7Alors que faire pour les ramener au centre du système politique national ?
8On peut contraindre davantage les élus ou rendre le vote obligatoire. Ces propositions ne modifient pas la trame de fond.
9L’idée maîtresse du texte de Manon Loison est de renforcer le lien social en encourageant les citoyens à s’engager dans leur communauté, à participer au service civil, à cultiver le dialogue intergénérationnel, et ainsi de suite. J’adhère à cette proposition. La démocratie sera d’autant plus forte que la cohésion sociale sera élevée dans la communauté politique. Les citoyens se sentant responsables les uns des autres chériront le bien commun. J’en suis.
10Cela ne serait toutefois pas suffisant à mes yeux pour redynamiser la vie politique. Ce qui est au cœur du problème est moins la cohésion sociale, somme toute relativement forte malgré la domination des discours individualistes dans l’imaginaire de notre époque. Des sociétés civiles fortes peuvent également exercer une influence sur le cours des choses.
11Mais la cohésion et l’influence ne sont pas synonymes de pouvoir. Or ce qui se trouve au cœur de la démocratie et de la vie politique, c’est le pouvoir.
12Au cours des dernières décennies, à côté de nos institutions démocratiques sont apparus divers mécanismes que le sociologue et historien Pierre Rosanvallon réunit sous le vocable de contre-démocratie.

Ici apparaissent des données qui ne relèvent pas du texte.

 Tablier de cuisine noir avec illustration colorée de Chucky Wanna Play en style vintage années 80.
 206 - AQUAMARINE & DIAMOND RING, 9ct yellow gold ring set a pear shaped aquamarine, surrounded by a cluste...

C’est l’ensemble des actions menées du local au mondial pour surveiller, dénoncer, s’opposer aux pouvoirs politiques et économiques dominants. Ces actions s’appuient sur diverses formes de mouvements participatifs et volontaires qui usent des nouveaux moyens de communication en abondance.
13Cette contre-démocratie comporte toutefois un danger : que se construisent, à côté des institutions démocratiques légitimes, des républiques civiles œuvrant non pas pour l’intérêt commun mais pour des intérêts particuliers ou des idéologies. La contre-démocratie menace la capacité des peuples, ainsi tiraillés entre des groupes d’intérêts, des mouvements religieux ou des communautés locales certes très cohérentes et cohésives, de définir le bien commun de la nation, de l’exprimer et d’agir en son nom. Or, la contre-démocratie est là pour rester. Il faut donc apprendre à canaliser l’énergie et les compétences que recèlent ces divers mouvements civiques et politiques au sein même des institutions démocratiques. Il faut leur faire une place en élargissant l’espace de participation au sein de ces institutions.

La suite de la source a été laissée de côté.